While magazines here are still feeling the after-effects of the World Trade Center bombing and the drop-off in advertising, newspaper editors are reporting that the tide, at least for them, may have turned. In a poll of more than 100 editors and publishers, two-thirds predicted the recession will be over within six months. And most expect the advertising will improve (modestly) this year. It doesn’t mean that many papers will be rehiring staff they laid off, but the feeling is that further cutbacks may be unnecessary. If there have to be any, they will be much less draconian than last year when hundreds of reporters and writers were laid off. At the same time almost half of the publications polled said they had plans for "substantial spending" this year on plant and equipment.
One editor who would like to be able to turn the clock back is Steve Slon, deputy editor of Modern Maturity, the official magazine for retired Americans, whose latest issue, devoted to how to survive the current recession, encouraged its 18 million readers to invest in Enron, the big international fuel company. The issue had already gone to the printers when Enron filed the largest corporate bankruptcy petition in US history, leaving many investors bereft and broke. "We goofed, no question. It’s very embarrassing," the magazine admitted.
One way that some local newspapers here have been offsetting rising costs is charging for obituaries. Not that they don’t print an obit when someone locally famous dies, but if the family would like a larger-than-normal obit or would like to write it themselves then there is a charge. A regular obit running to say 15 lines is normally free, but after that there is a charge of $5 (£3.40) a line. A full-blown obituary can cost up to $100 (£70). Some papers – for an extra fee – will even assign a reporter to write the extended obit. And some will even publish an obit twice – for the appropriate extra payment.
It’s one of the most unusual alliances in US magazine history – Cosmopolitan and Maxim. The two magazines are jointly publishing in simultaneous March issues a feature story entitled: "The War Between the Sexes…Is it Over?" The collaboration, conceived over drinks at a bar in New York between Maxim’s US editor-in-chief, Keith Blanchard, and Kate White, editor-in-chief of Cosmo, is one of the most unlikely since Tina Brown took over The New Yorker and brought in Roseanne Barr as an editorial consultant. Staff for both magazines battled over every line. Cosmo rooted for the idea that men should commit birthdays and anniversaries to memory. Maxim agreed – but insisted men should not have to remember anniversaries such as "first date".

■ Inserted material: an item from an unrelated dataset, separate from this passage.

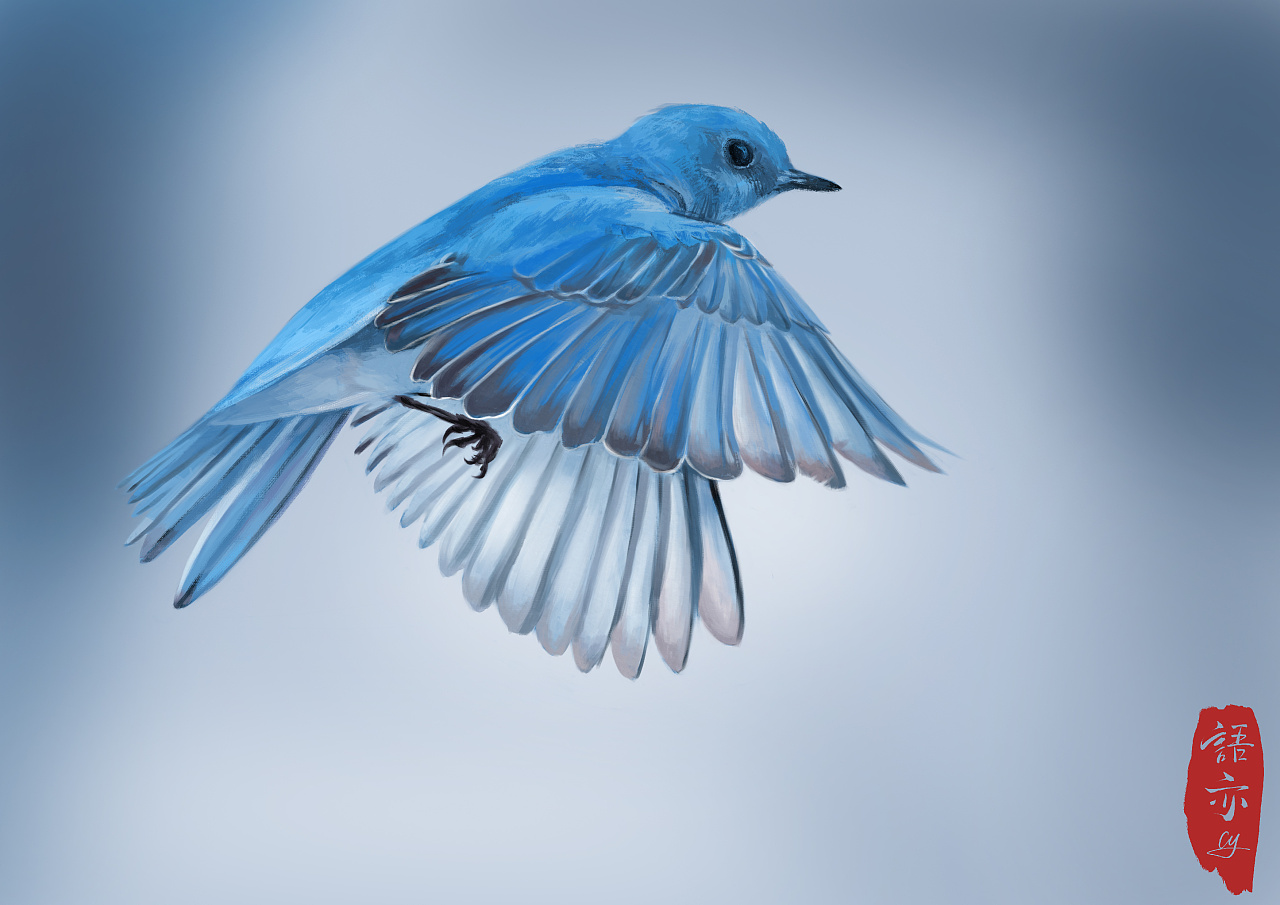 飞鸟|插画|创作习作|语亦_cy - 原创作品 - 站酷 (zcool)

Larry King of CNN is not the highest-paid journalist in history – at least not yet. Reports that he signed a new contract that would pay him $14m (£10m) a year are not quite true. To get that much the stock options that are part of his new contract would have to increase in value by as much as 250 per cent. Nevertheless his take-home pay will average around $7m a year, plus the continued use of a private plane.
President has been complaining that photo-editors touched up the effect on his face of the "killer pretzel". "They made it look worse than it was," he claimed.